Further, there is severe misuse of the law.
Statistics from the National Crime Record Bureau suggests that very few cases are actually sent to trial and even then, police often do not have the required evidence or witnesses to get a conviction under UAPA. In 2015, out of 76 cases in which trial was completed, the accused in 65 cases were acquitted. In 2014 there were 24 acquittals in 33 completed trials.
What are the issues with the Amendment Bill?
There are largely two concerns regarding the amendments to the UAPA. One is regarding federalism — a central agency, the NIA, getting powers over approval of seizure and attachment of property in states. Police is a subject under the State List in the Seventh Schedule, and under the same, only state legislatures are empowered to enact on the subject. Since seizure and attachment of property falls squarely under policing powers, regional parties have been protesting against taking over of this function by the NIA.
The second issue is concerning a person being declared to be a “terrorist” without due process, trial and application of judicial mind. This is violative of the basic tenet of “presumption of innocence until guilt is proven”, as well as the reversal of the burden of proof on the accused.
The designation of a person as a “terrorist” does not carry legal consequences in terms of automatic arrest, detention, etc. by the mere declaration of such a tag. Even without this amendment, the government has the power to launch investigations into and prosecute individuals on the basis of suspicion. Therefore, in terms of the law, the government will not be able to take any action over and above what it can against any person suspected, by attaching the tag of “terrorist” to a person. It is then questionable as to what the amendment would achieve.

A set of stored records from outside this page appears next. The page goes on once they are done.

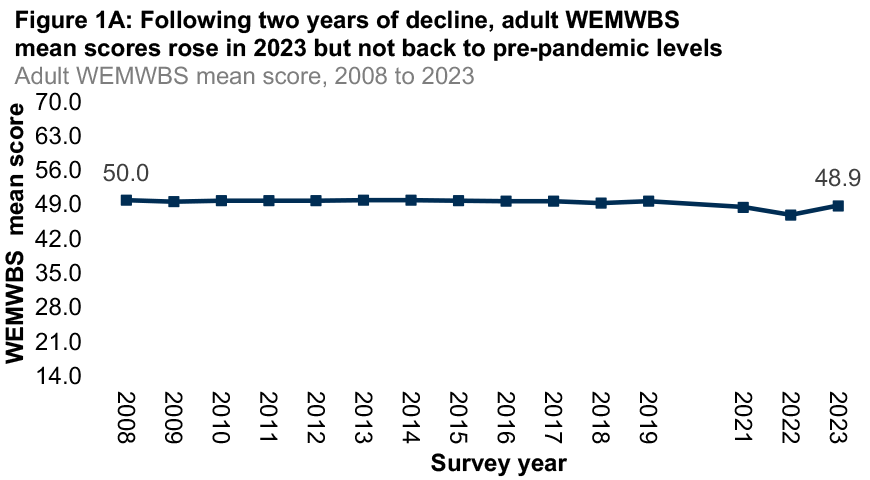 A line graph showing trends in mean WEMWBS score for all adults from 2008 to 2023. There is very little change in scores for 2008 to 2019 with a drop in 2021 and 2022. Adult WEMWBS mean scores rose in 2023 but not back to pre-pandemic levels.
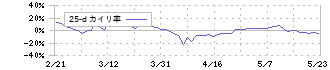 ＨＯＵＳＥＩ(5035)の乖離率(25日)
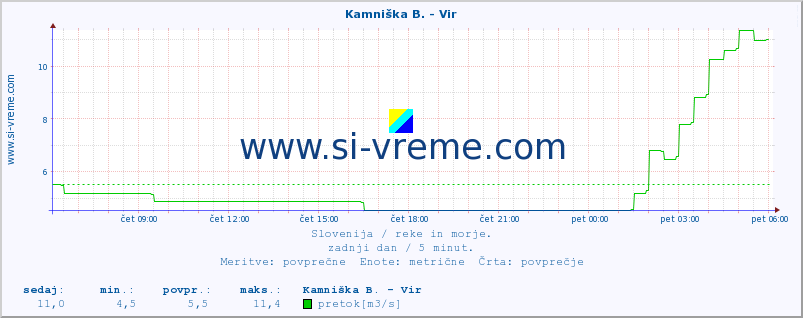 POVPREČJE :: Kamniška B. - Vir :: temperatura | pretok | višina :: zadnji dan / 5 minut.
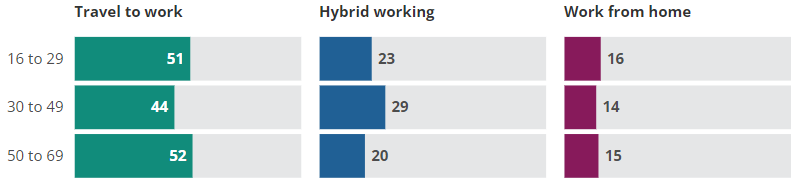 Split bar chart of work places in the previous week by age showing that hybrid working was most common among workers aged 30 to 49 years.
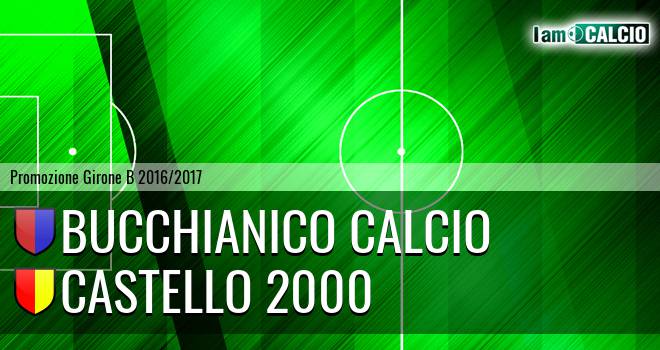 Bucchianico Calcio - Castello 2000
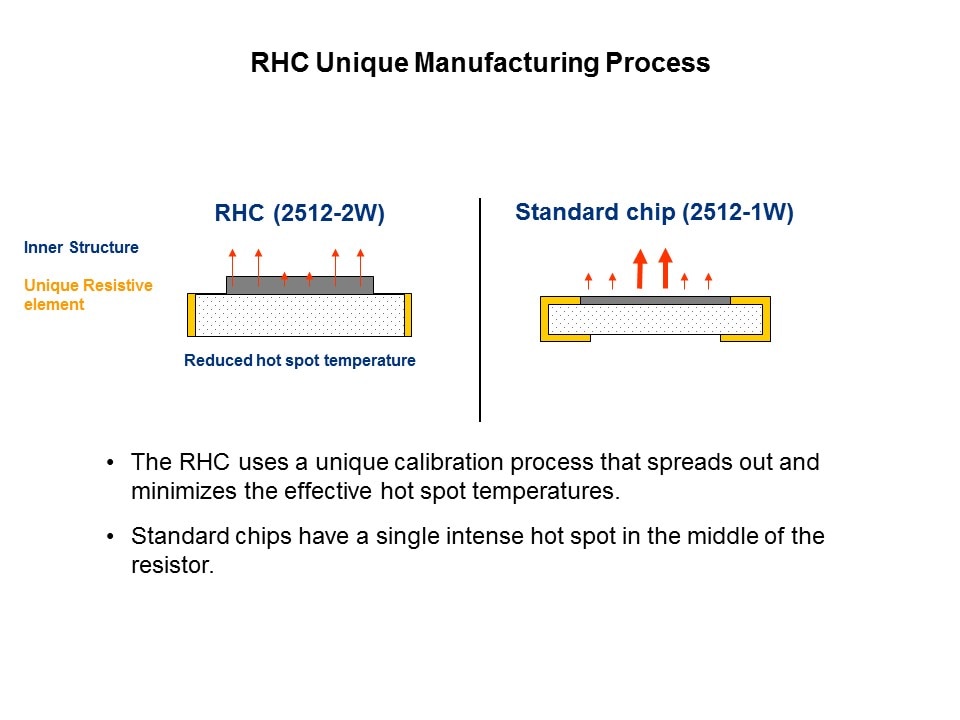 RHC Uni Man Pro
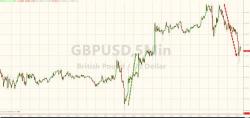 Pound Slides: Traders "Sell The News" As Full Brexit Complexity Re-Emerges Pound Slides: Traders "Sell The News" As Full Brexit Complexity Re-Emerges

However, what follows such a label is immense loss of social capital, one’s image in the community, and ostracisation leading to social death of a person. Even if it is argued that such social death can also occur to persons who are tried by a court of law, convicted and then given such a label, it is important to recognise the importance the judicial involvement in this process. By circumventing the judiciary and labelling an individual a terrorist, the government is stripping one off of the primary tenets of the criminal justice system in our country — the presumption of innocence. Although the procedure of designation of organisations as terrorist organisations is similar, the designation of an individual as such seriously infringes on that individual’s dignity and personal freedom.

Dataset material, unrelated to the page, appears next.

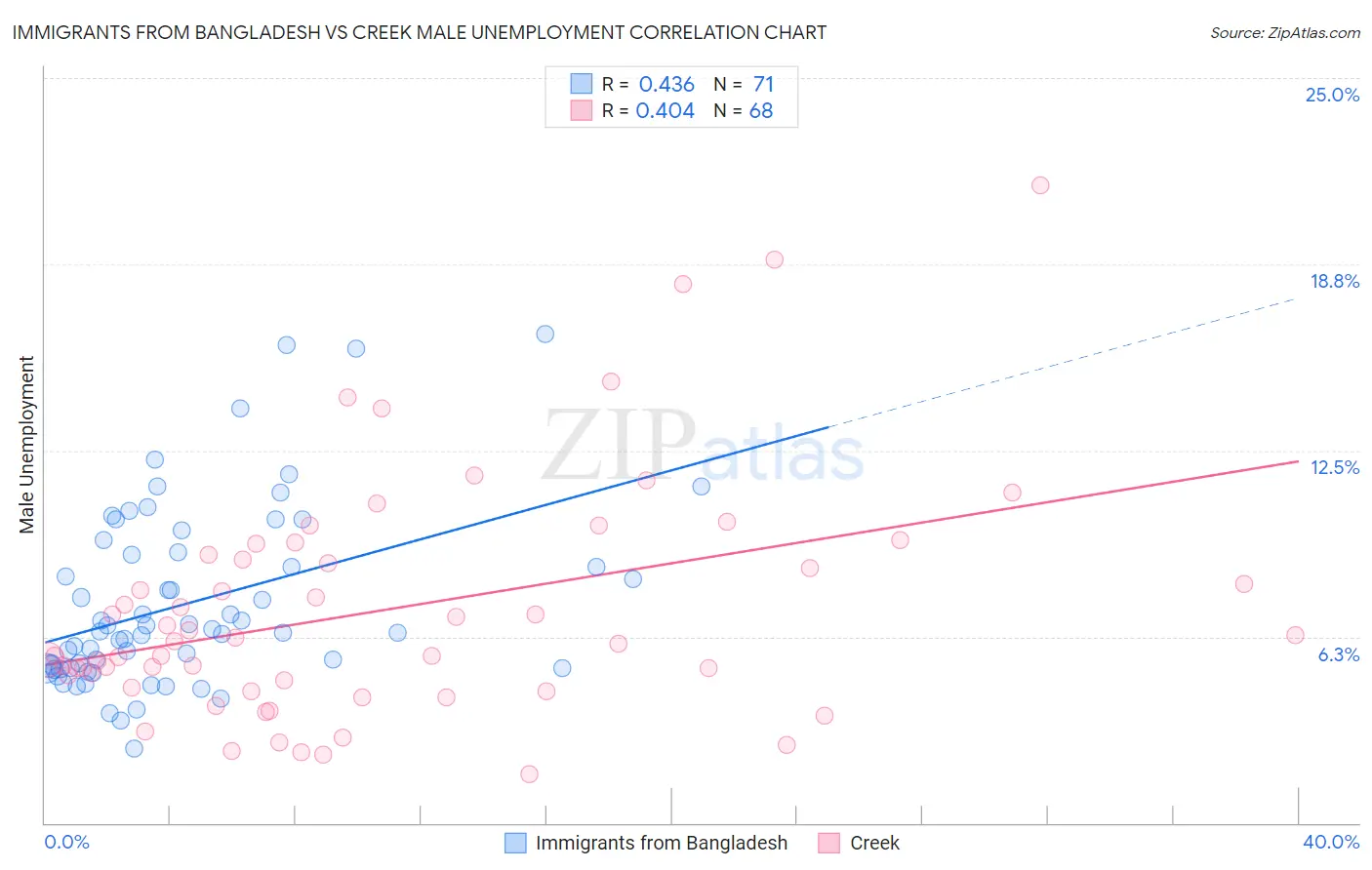 Immigrants from Bangladesh vs Creek Male Unemployment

An underlying objective that any government can achieve with this amendment is deciding what ideology, literature and theory are promoting “terrorism”, and this power is dangerous to the idea of a democracy. It is important to note that Union Home Minister Amit Shah said the following in the Lok Sabha: “… there are those who attempt to plant terrorist literature and terrorist theory in the minds of the young. Guns do not give rise to a terrorist. The root of terrorism is the propaganda that is done to spread it, the frenzy that is spread.”

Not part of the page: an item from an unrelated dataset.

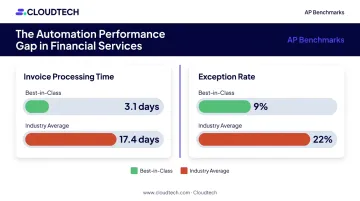 Best-in-class versus average accounts payable processing time and exception rate comparison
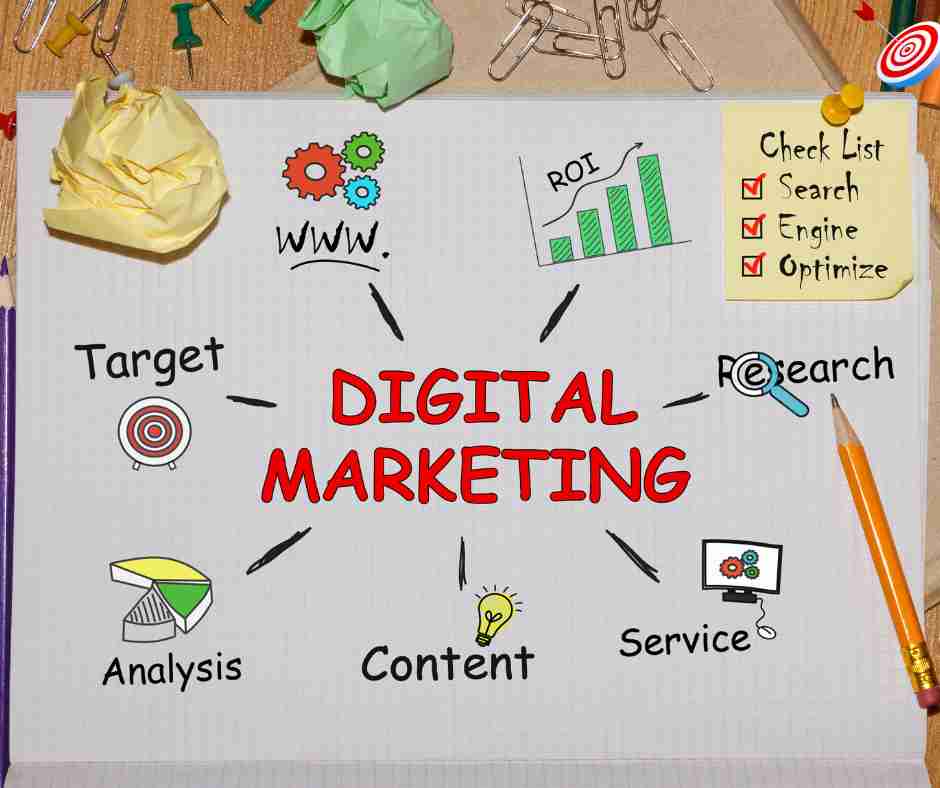 Best Digital Marketing Training in Warangal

It has been observed that the UAPA is invoked against persons for subscribing to a particular ideology. GN Saibaba, a physically disabled, wheelchair-bound educator, was convicted by a sessions judge at Gadchiroli under Sections 13,18, 20, 38 and 39 of UAPA and Section 120B of IPC. The charge was allegedly having links with Maoist organisations. Saibaba’s lawyer Rebecca John said that there was no evidence that he had “any role to play in any violence, or incitement to violence, or any active participation at all,” and instead, he was accused of “promoting and propagating communist ideology.”
The UAPA in itself has been called draconian by human rights activists. However, the recent amendments to the statute have brought in concerns which constitutional experts are bound to challenge.